The topic of Lord Neuberger’s lecture was “Sanctions in International Arbitration: Pros, Cons, and Implications”. Lord Neuberger highlighted how economic sanctions and the increasing tendency for Governments to target sanctions against specific individuals or groups may affect arbitration, illustrating this with examples such as sanctions against and by Russia, and the recent Chinese sanctions against members of a barristers’ chambers. Such sanctions give rise to difficult issues, including conflict of laws issues, purported extraterritorial effect, and blocking statutes (by which a state seeks to undermine or prevent compliance with another state’s sanctions). When will it be a breach of sanctions for a party from the sanction-imposing country to participate in an arbitration which also involves the target of a sanction – either as opponent, as counsel, or as arbitrator? Arbitral institutions may be faced with this question: should they refuse to appoint nominated arbitrators where to do so would risk giving rise to challenges to the award or its enforcement? On the other hand, there may be cases where the sanctions are “unreasonable, arbitrary or unfair”, such that it may undermine the rule of law to refuse to appoint the target of the sanction.
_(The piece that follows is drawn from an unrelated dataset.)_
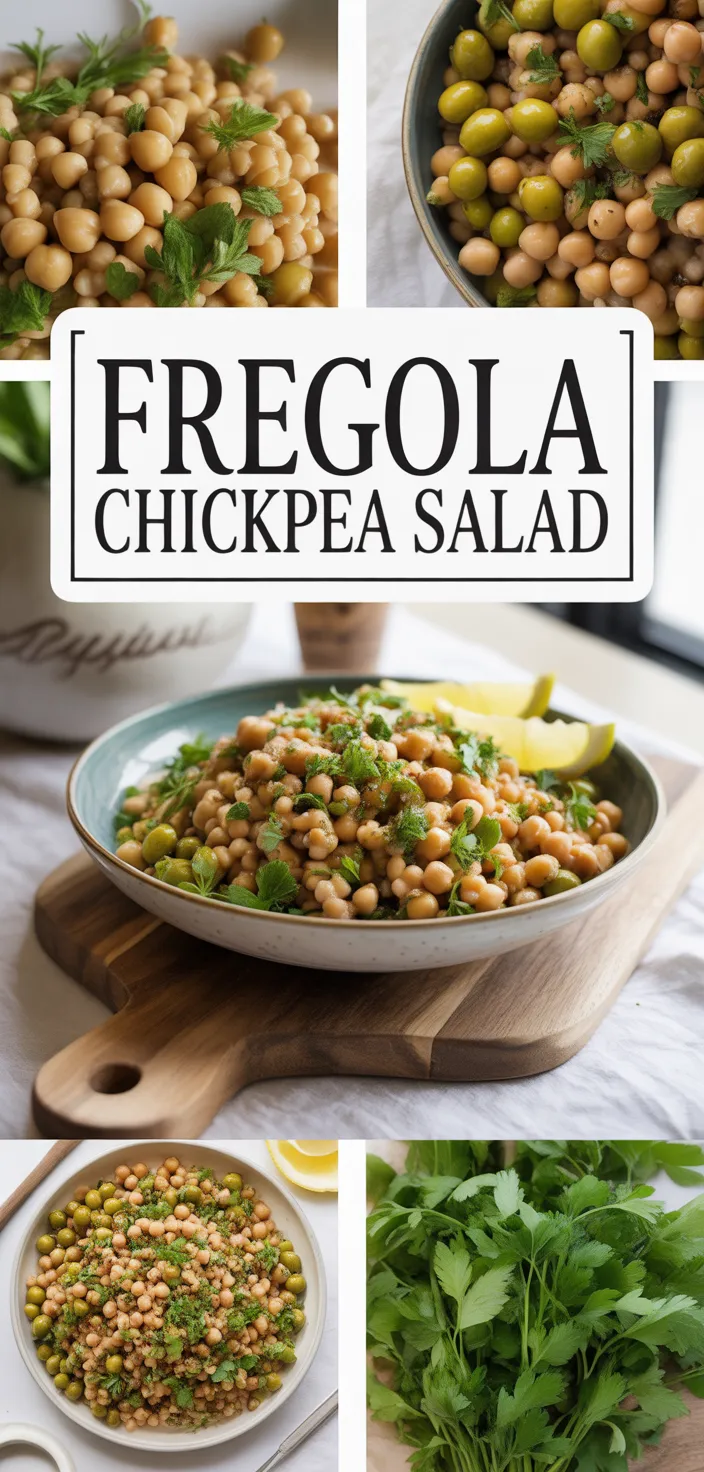 A photo of Giada De Laurentiis’ Fregola Salad With Olive Relish & Chickpeas Recipe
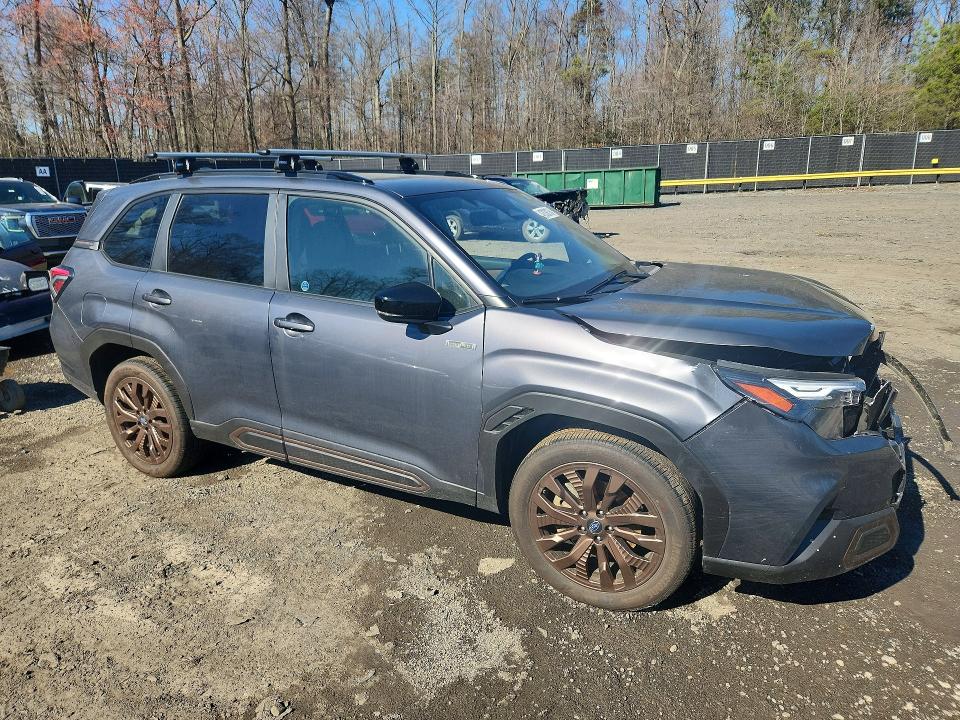 Продажа на аукционе авто 2025 Subaru Forester, vin: JF2SLSJD8SH401671, номер лота: 42039376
Similar dilemmas may arise if an arbitrator, already appointed, becomes the subject of sanctions, and Lord Neuberger pointed out that arbitral rules generally do not address this circumstance directly. Lord Neuberger also considered how sanctions may impinge on the substance of the dispute - discussing arbitrability, force majeure and frustration, amongst other matters – and on the enforcement of awards.

Anyone who missed this excellent lecture on a complex and fascinating area of law – or who just wants to explore it more in depth – should look out for the May 2022 edition of the Singapore Arbitration Journal, in which Lord Neuberger’s lecture will be published in full.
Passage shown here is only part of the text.